About seven per cent of children in Germany have a pronounced gap in their teeth between the upper incisors (diastema mediale superior). The cause of this may be a lip frenulum that is too thick or too short so it extends too far between the teeth. The unfavourable consequences may be speech defects such as lisping. Sometimes, a lip frenulum that extends very low can even interfere with children’s oral hygiene, as the toothbrush causes pain when it comes into contact with the frenulum.
We carry out a thorough examination to determine whether the connective tissue frenulum is responsible for the gap in the front teeth or there are any other causes.
If the lip frenulum is shortened, we recommend a lip frenulum correction, in which the band is cut through (frenotomy) or completely removed (frenectomy), so that the gap in the teeth can close by itself. This correction is often carried out on children between the ages of seven and nine.

It is a minor surgical procedure.
We provide this procedure in our practice both conventionally as well as minimally invasive using laser therapy.

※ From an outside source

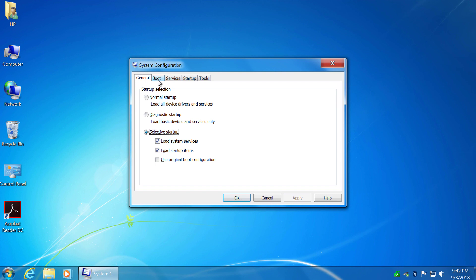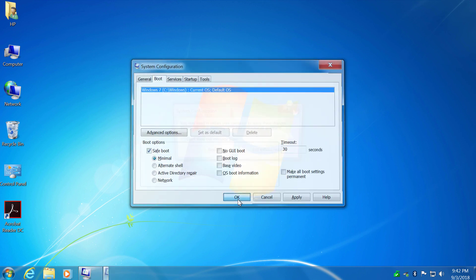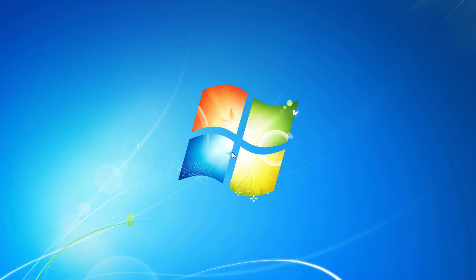Select the Boot tab and under Boot options select the Safe Boot checkbox with minimal option. Click OK and then click Restart or Exit without Restart. You must restart your computer to apply these changes.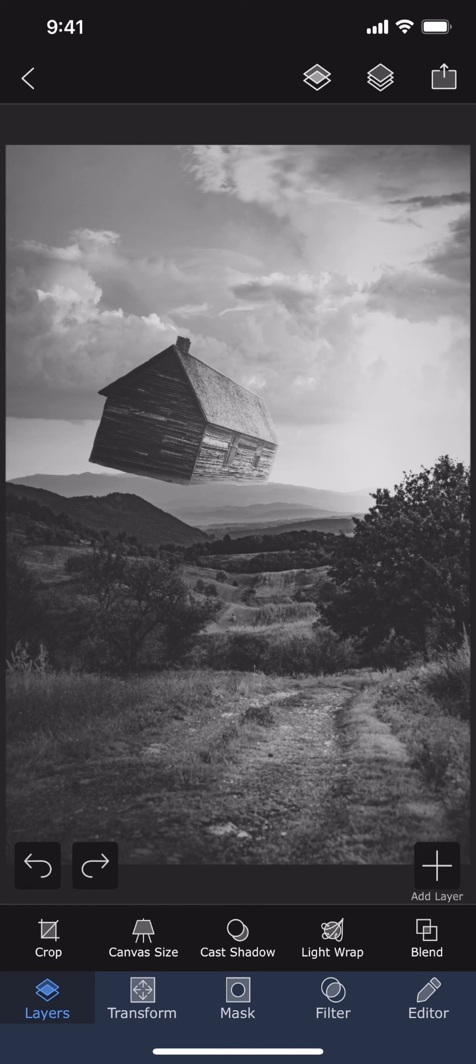And this is why adjustment layers are so powerful. That's all in this tutorial. Thank you for watching.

Lingual frenulum correction

The lingual frenulum is a muscular fold covered with mucus membrane, which connects the lower surface of the tongue to the floor of the mouth. In about 5% of all newborns, this lingual frenulum is shortened, which can impair the tongue’s manoeuvrability in pronounced cases. In extreme cases of shortening, tongues will appear to be notched or split in two at the front, especially when stretched out.
A severely shortened lingual frenulum may lead to difficulties with sucking, drinking, swallowing and breastfeeding problems even for infants.
A shortened lingual frenulum may also have a negative effect on speech development.
Other possible consequences are changes in the dental arch and misaligned teeth, especially the incisors.
It may be more difficult to fit and adjust dental braces later on. In some cases, the unfavourable position of the tongue may even result in mouth breathing.

In a minor outpatient procedure, the fusion of the tongue frenulum can be loosened and allow room for the tongue to move properly again. We provide this procedure in our practice both as a minor surgical intervention as well as minimally invasive using laser therapy.